Penny Mordaunt, who is widely seen as the third frontrunner joining Ms Truss and Mr Sunak as favourites, said she was making few commitments on tax because “this contest is not the right place to do it”.
“I’m not going to set out plans for corporation tax or any other of those taxes until we have a proper fiscal event,” the trade minister said.
Ms Mordaunt also pleaded for a “positive contest”, saying “I don’t want mudslinging”, as she bears the brunt of the attacks from rival camps.
The Zoom debate was the first public hustings in the leadership contest.
It was at times disrupted by the usual online difficulties, with Ms Truss struggling to unmute herself at one point and suffering from a dodgy internet connection, as did Kemi Badenoch.

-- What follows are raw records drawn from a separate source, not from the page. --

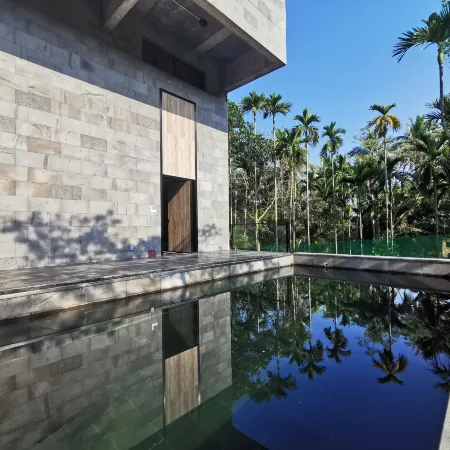 Qionghai Riying Yuyelin Bieyuan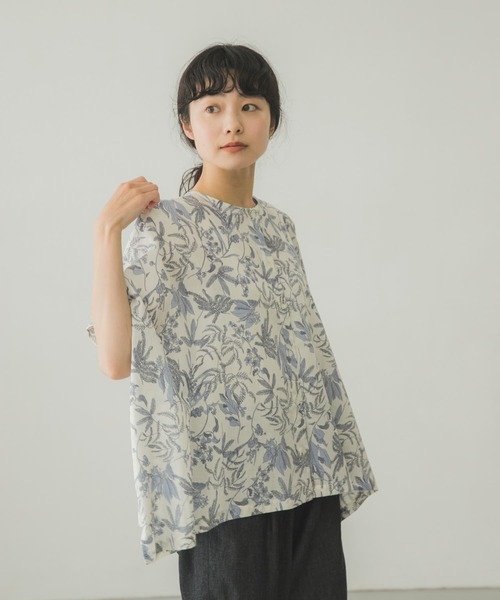 kenmama様 かぐれ リーフプリント ワイドブラウス ボタニカル 花柄 かぐれ（カグレ）の「リーフプリントワイドブラウス（シャツ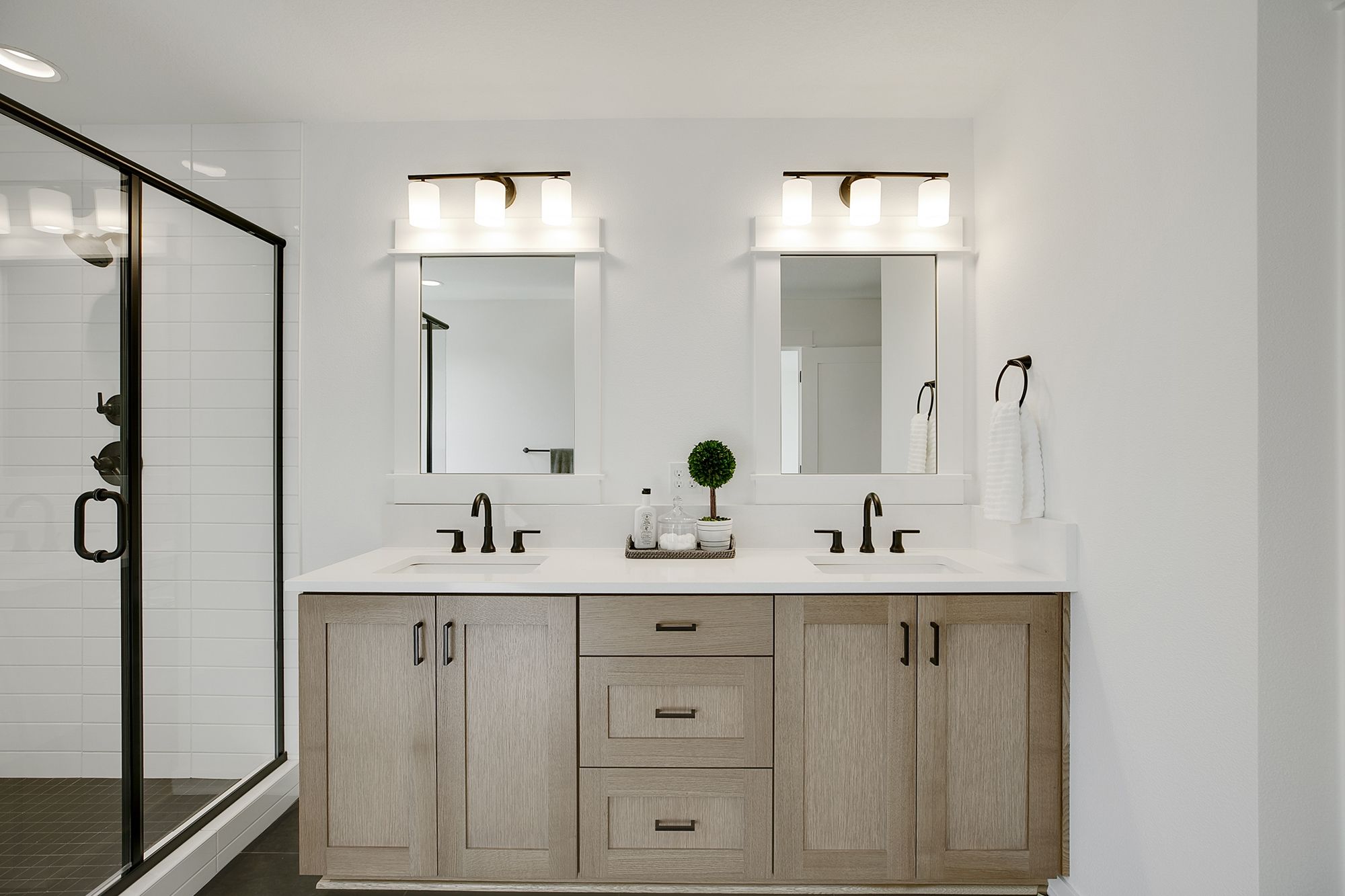 Lake Oswego, OR 97035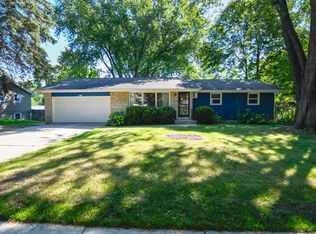 671 Sunnycrest St, Green Bay, WI 54302
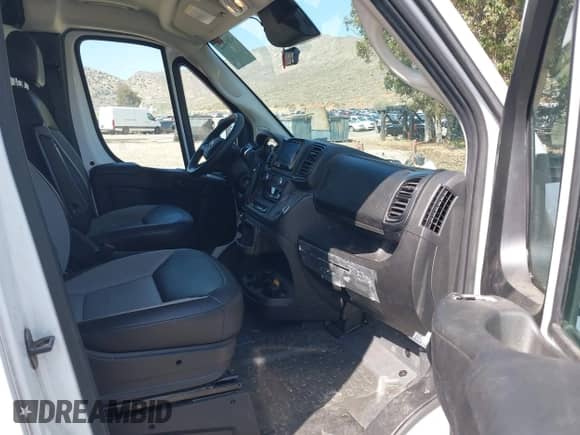 2023 Ram ProMaster Cargo z VIN 3C6MRVJG7PE536680, wystawiony jako IAAI lot #42044422 z przebiegiem 43 424 mil mil oraz . Historia ofert i sprzedaży dostępna na DreamBid. Obrazek 5.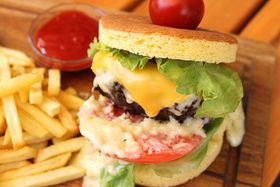 ���[���P�[�L���o�[�K�[�ɁI���E���蒬���[���P�[�L�J�t�F UZU�̋L���T���l�C��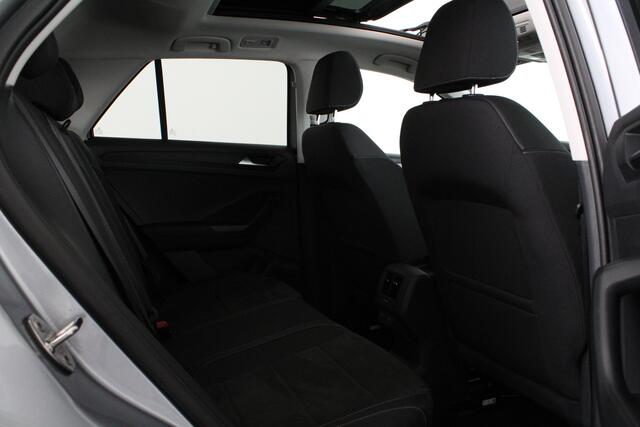 Volkswagen T-Roc 1.0 TSI Style > 116pk/Pano.schuifdak/Camera/Stoelverwarming/IQ.Led/Pyrite Silver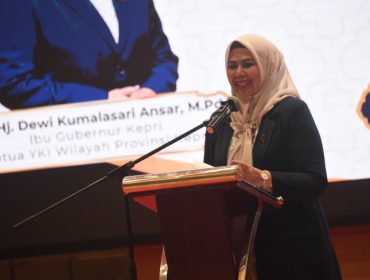 Ketua TP PKK Provinsi Kepulauan Riau sekaligus Ketua Yayasan Kanker Indonesia (YKI) Provinsi Kepulauan Riau, Dewi Kumalasari Ansar saat memberikan sambutan pada mengukuhkan Pengurus Yayasan Kanker Indonesia Kota Batam periode 2026-2031 di Wyndham Panbil, Sabtu (16/5/2026).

Mr Sunak’s backdrop told members to join his “campiaign” in a spelling blunder.
The candidates were also all asked their “greatest weakness”.
Ms Badenoch said hers was “allowing my sense of humour to look like I’m flippant about issues”, while Mr Sunak essentially said he strives too hard for perfection.
Ms Truss said she has in the past been “excessively over-enthusiastic and sometimes I have to rein myself in”.
Tom Tugendhat, who has made his military background a central pillar of his campaign, said: “I know this is going to surprise you but I may talk about the Army a little too much, which is possibly a weakness.”
Ms Mordaunt said: “I was tempted to say Burmese cats, as I have four and introducing them into No 10 might present some challenges with Larry.”